Best most comprehensive Trail Camera review web site with lots of current info, evaluations, reviews, example photos & videos is:  

http://www.chasingame.com/ 


You've probably done this, but in case you have not so, doing forum searches on the Trail Cam category will serve you well.  

I've been running 3 to 8 trail cams June to January the past 3 years.  Even though Moultrie has good customer service, starting this year according to folks' threads & posts in the forum Trail Cam category where Moultrie has drawn a hard line mentality and is offering free service for their TC's now ONLY during their 1 year from date of purchase warranty period, otherwise charging expensive service fees.  They usually fix the TC & return it within a week.  

This past year, I have returned at least 5 Moultrie Model D40's (4MP) due to malfunctions, not working straight out of the box, not taking nite time photos, and/or too quick using up the new 6 D-cell Energizer batteries in a few days or less than a week when they are suppose to last at an average of 60 days, even when only taking a few pics & configuring settings to the lowest power consumption levels (lowest picture resolution).  I'm using several that last a little longer & other folks in the TC forum section do not have this problem.  Fully charged expensive Energizer rechargeable batteries only show 70% on the digital setup display when I 1st install them.  This $100 model has been on clearance as low as $80 since last Oct but recently some posted seeing it as low as $70.  

One of my three Moultrie I40 infrared flash $220 TC's that I've used the past 2 seasons/years has lost the digital setup display (cannot display settings) last August but still runs great, I just cannot read or change the configuration.  The batteries last 2-6 months, but usually 2-3 months.  These sell in the $180-200 range now.  

My four oldest 6 Volt Moultrie GameSpy 2.0MP $100 models I starting using 3 years ago have grown very flakey which intermittently stop working for unknown reasons, while only one now was reliable last season.  Rechargeable 6V batteries usually last 3-4 weeks, but I have had them work as long as 2 months.  

According to this forum, the Scoutguard entry level models seemed to be the most popular reliable TC's this past season, with the always faithful reliable Cuddeback TC's had many unexpected quality problems with their new lower cost entry level models.  

There is still much accumulating evidense of the white night flash TC's spooking or scaring big game leading to much fewer photo captures, so the infrared flash are much better in getting more pics running on less power but most IR flash TC's usually will not produce nite color photos.  There still are successful strategies for using bright white flash TC's like above the heads of big game (instead of 2-4 feet off the ground) & tilting it downward so that animals calmly experience it like it appears to be just like lightning from the sky that they are use to in their natural surroundings.  

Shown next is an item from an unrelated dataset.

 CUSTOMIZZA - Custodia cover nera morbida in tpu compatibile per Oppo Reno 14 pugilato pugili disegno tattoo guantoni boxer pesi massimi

Killdee on the forum is a great regular resource in building Homebrew trail cameras, along with several good web sites that have staight forward instructions which you sound capable of doing, but it may not be that much cost savings by the time you finish one.

All manufacturers of trail cameras eventually seem to have quality & reliability problems, some more than others which most in the industry have not yet been able to overcome despite the maturity of the technology, but I keep hoping & expecting that will change soon, although each deer season there's always some that still surprise us with unexpected defects.  

Hope this helps some folks. Sorry that I did not get around to posting the above experiences in the forum's TC category.  Good luck in your research in finding the one that best suits you.


----------



## 7Mag Hunter (Apr 12, 2009)

I bought one from Sportsmans guide...About $100 and 3mpxl...
Kinda slow trigger speed, but great quality pictures and has SD
slot and dc power plug for 12v battery....


----------



## Gentleman4561 (May 3, 2009)

Check out the scout guard it is a great camera


----------



## CamoCop (May 10, 2009)

Moultrie I40.  i have been using these for 2 years with no problems.  i get on average 5 months or 2100 pictures out of a set of batteries.


----------